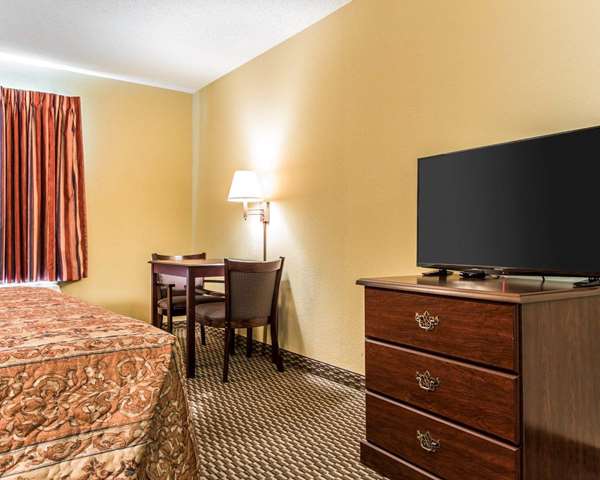 Suite - Rodeway Inn Forest Park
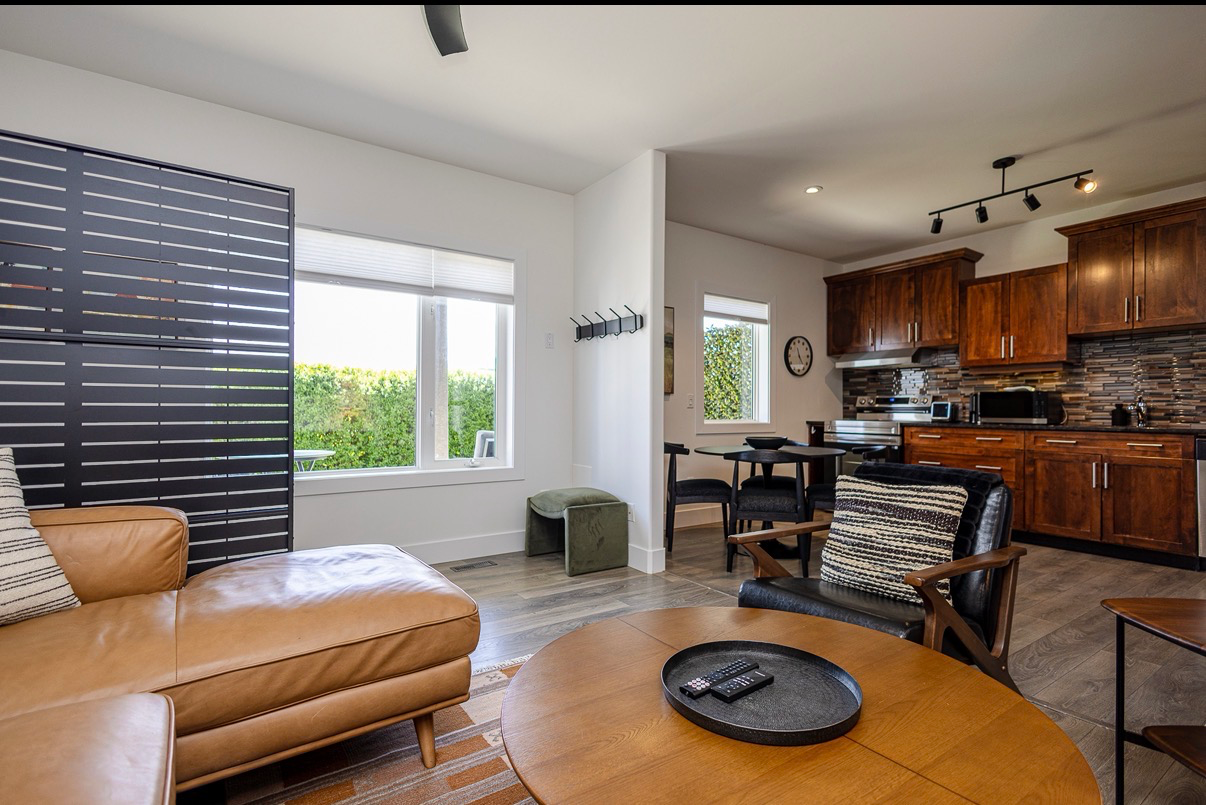 Modern brand new renovated suite with brand new furnishings.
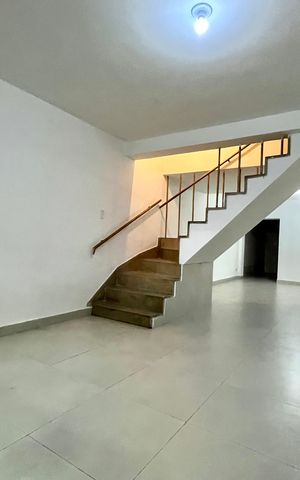 Casa à venda com 148m², 4 quartos e 1 vaga Casa à venda com 148m², 4 quartos e 1 vagaSala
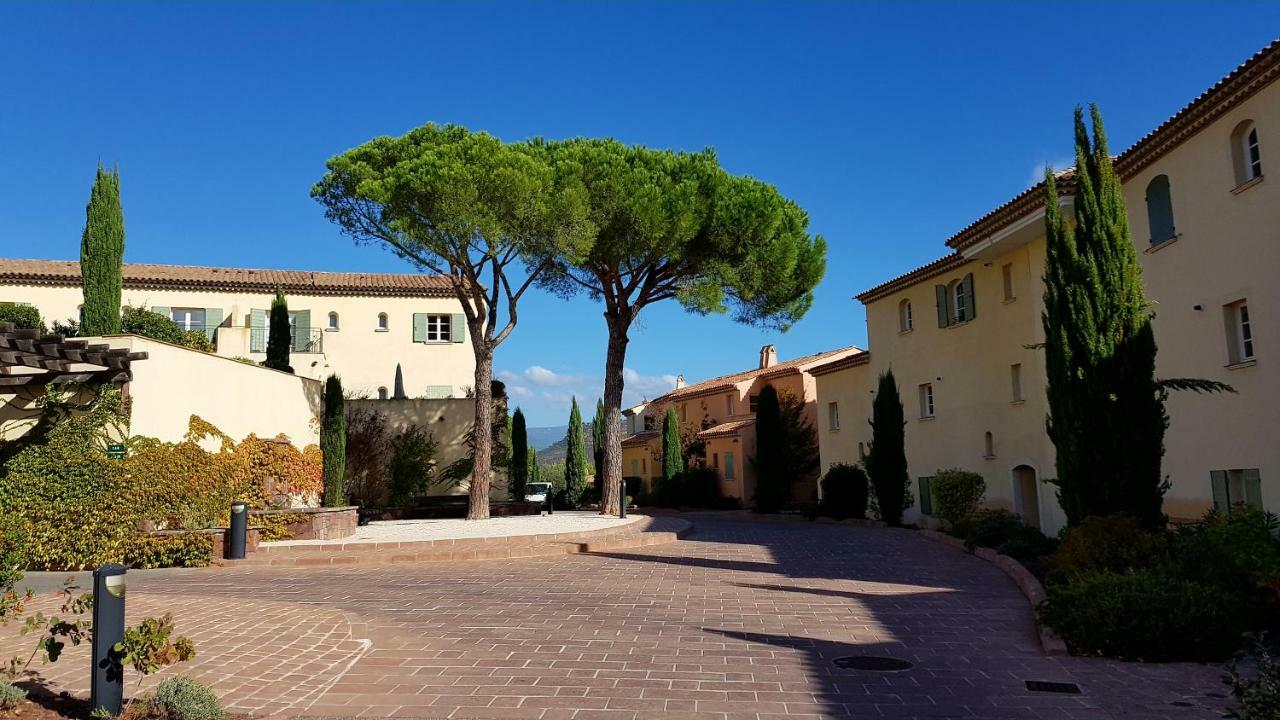 Villa Au Golf De St-Endreol La Motte エクステリア 写真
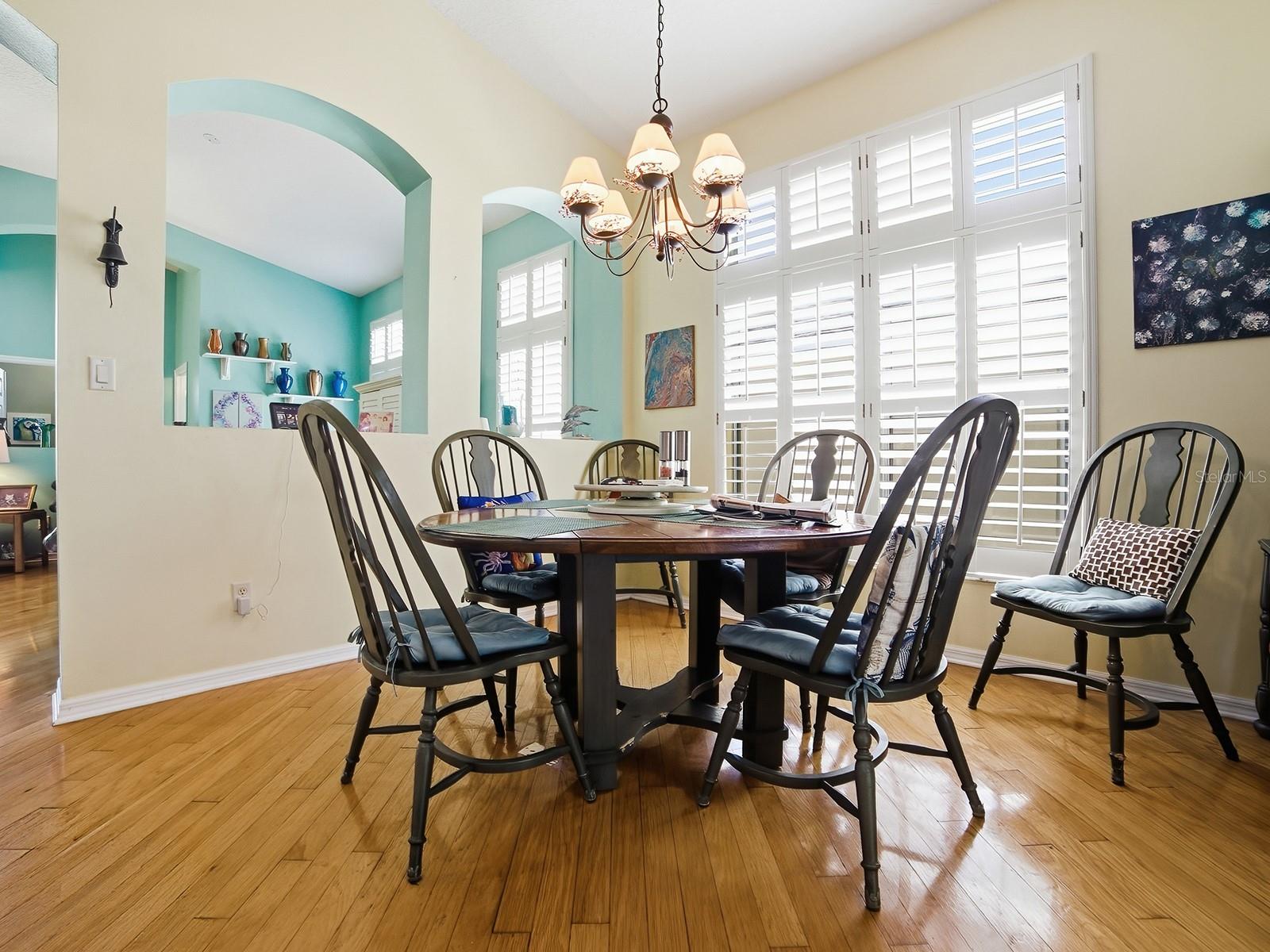 Image 19 of 54 For 24511 Bocage Way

ABOUT THIS EXERCISE: Reproduce word for word the lines from the line with "Villa Au Golf" to the end of the entries above, both included, but leave the pictures out.

RESPONSE:
 Villa Au Golf De St-Endreol La Motte エクステリア 写真
 Image 19 of 54 For 24511 Bocage Way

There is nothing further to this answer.